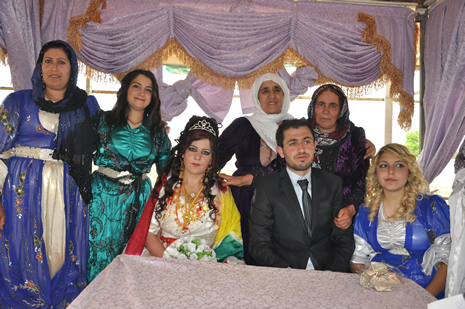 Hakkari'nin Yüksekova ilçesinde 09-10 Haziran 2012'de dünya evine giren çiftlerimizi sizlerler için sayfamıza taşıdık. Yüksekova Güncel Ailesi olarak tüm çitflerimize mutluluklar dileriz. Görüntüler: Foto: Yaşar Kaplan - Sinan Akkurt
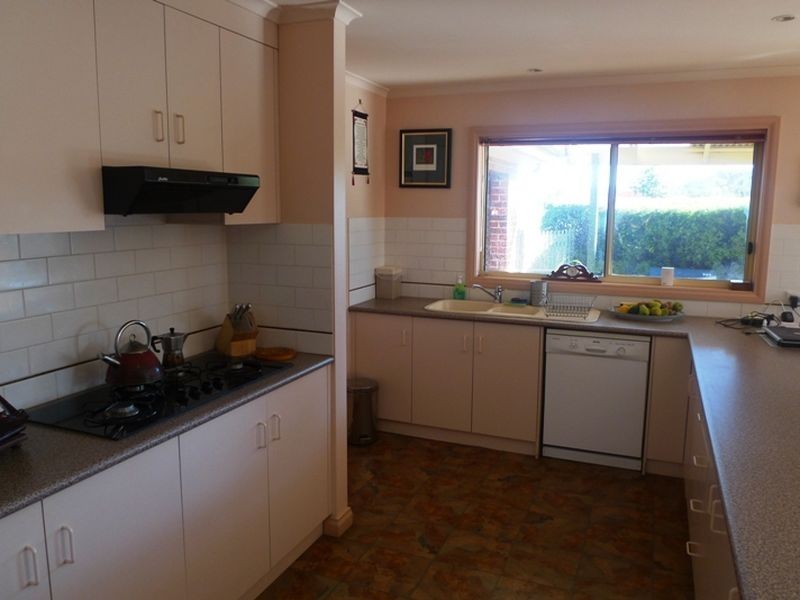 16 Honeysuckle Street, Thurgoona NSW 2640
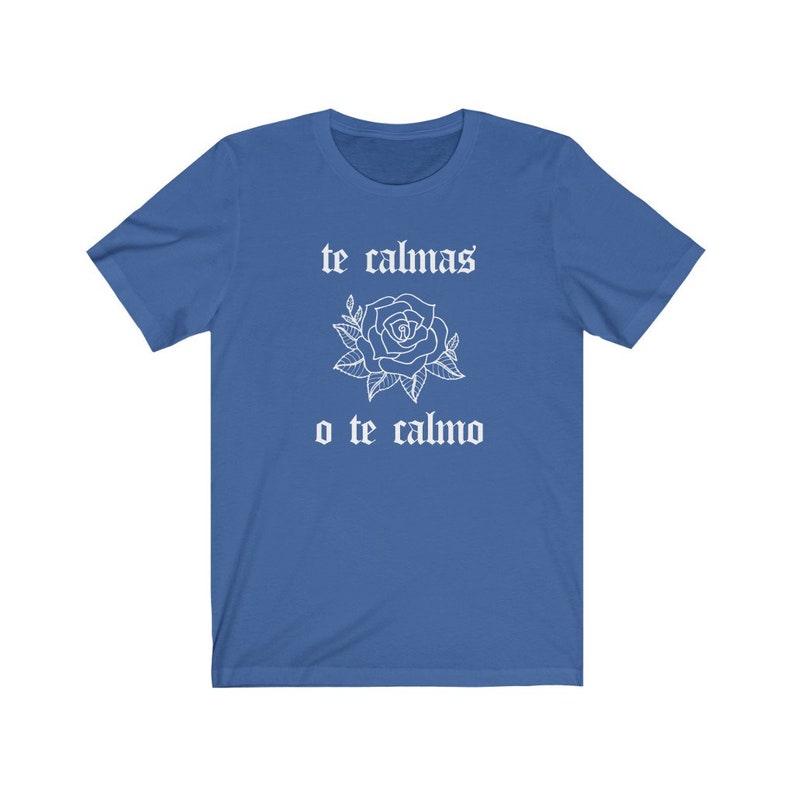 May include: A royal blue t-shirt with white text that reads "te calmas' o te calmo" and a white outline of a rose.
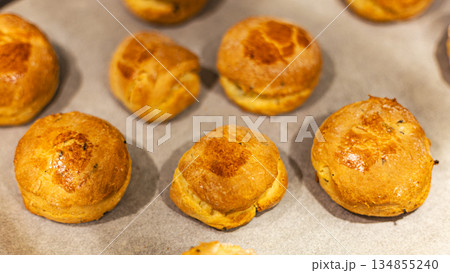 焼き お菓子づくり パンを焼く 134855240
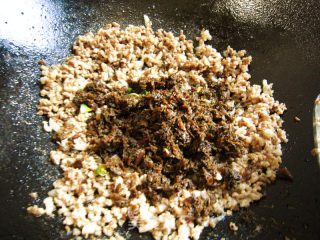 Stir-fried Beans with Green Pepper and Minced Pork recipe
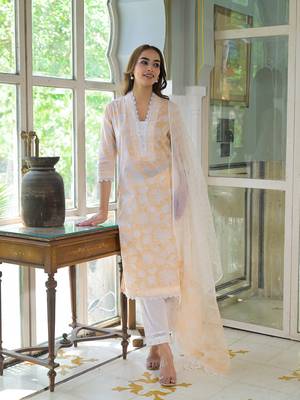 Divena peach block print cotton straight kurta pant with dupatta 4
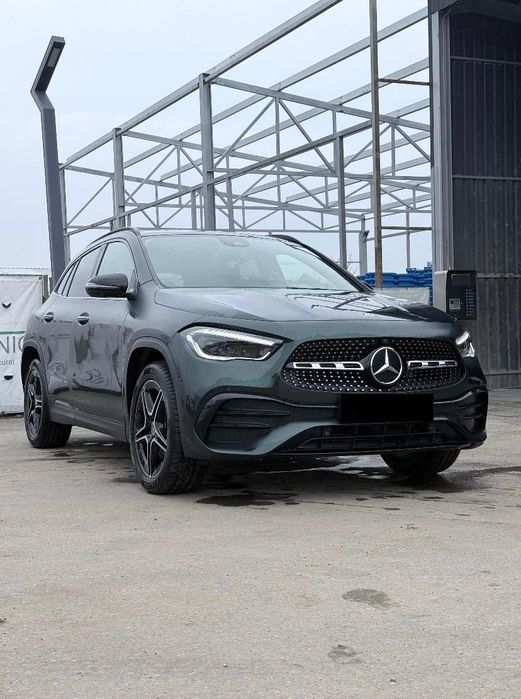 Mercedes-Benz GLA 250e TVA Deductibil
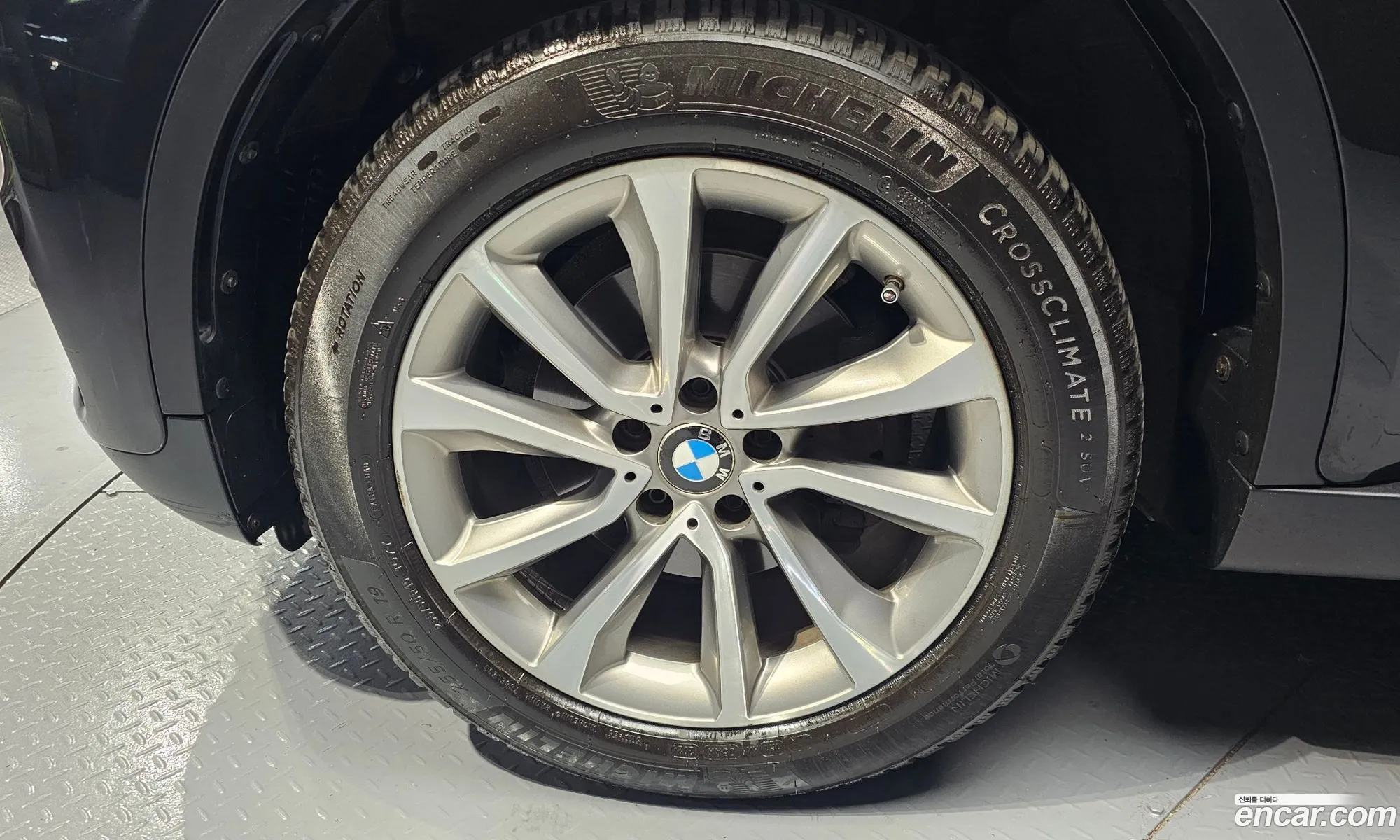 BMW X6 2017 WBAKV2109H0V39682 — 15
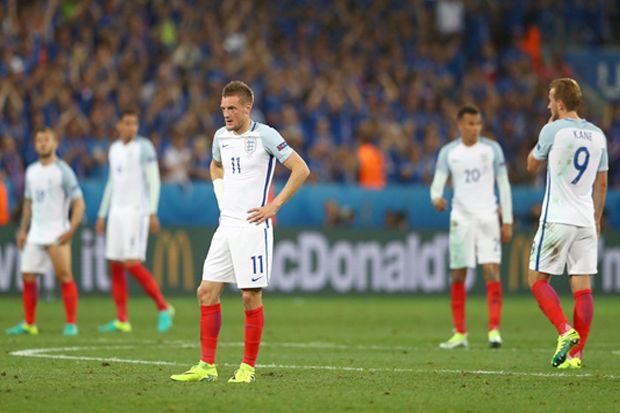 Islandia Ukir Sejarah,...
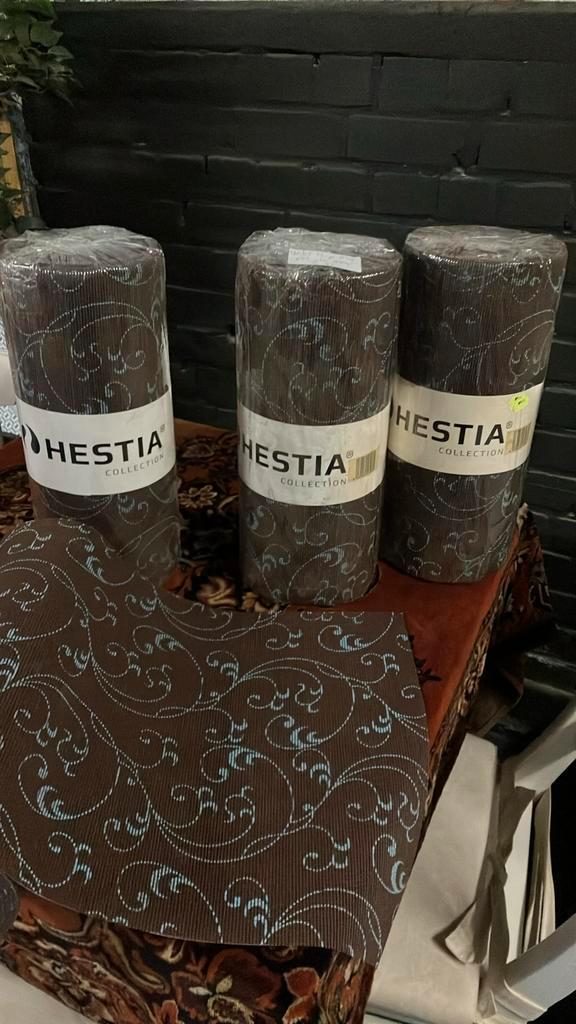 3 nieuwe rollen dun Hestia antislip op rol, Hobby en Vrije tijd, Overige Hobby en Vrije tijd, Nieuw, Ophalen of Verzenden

----

— TASK TO CARRY OUT —
Retype the data above in full, exactly as it stands, and skip any image.

— WRITTEN RESPONSE —
 Hakkari'nin Yüksekova ilçesinde 09-10 Haziran 2012'de dünya evine giren çiftlerimizi sizlerler için sayfamıza taşıdık. Yüksekova Güncel Ailesi olarak tüm çitflerimize mutluluklar dileriz. Görüntüler: Foto: Yaşar Kaplan - Sinan Akkurt
 16 Honeysuckle Street, Thurgoona NSW 2640
 May include: A royal blue t-shirt with white text that reads "te calmas' o te calmo" and a white outline of a rose.
 焼き お菓子づくり パンを焼く 134855240
 Stir-fried Beans with Green Pepper and Minced Pork recipe
 Divena peach block print cotton straight kurta pant with dupatta 4
 Mercedes-Benz GLA 250e TVA Deductibil
 BMW X6 2017 WBAKV2109H0V39682 — 15
 Islandia Ukir Sejarah,...
 3 nieuwe rollen dun Hestia antislip op rol, Hobby en Vrije tijd, Overige Hobby en Vrije tijd, Nieuw, Ophalen of Verzenden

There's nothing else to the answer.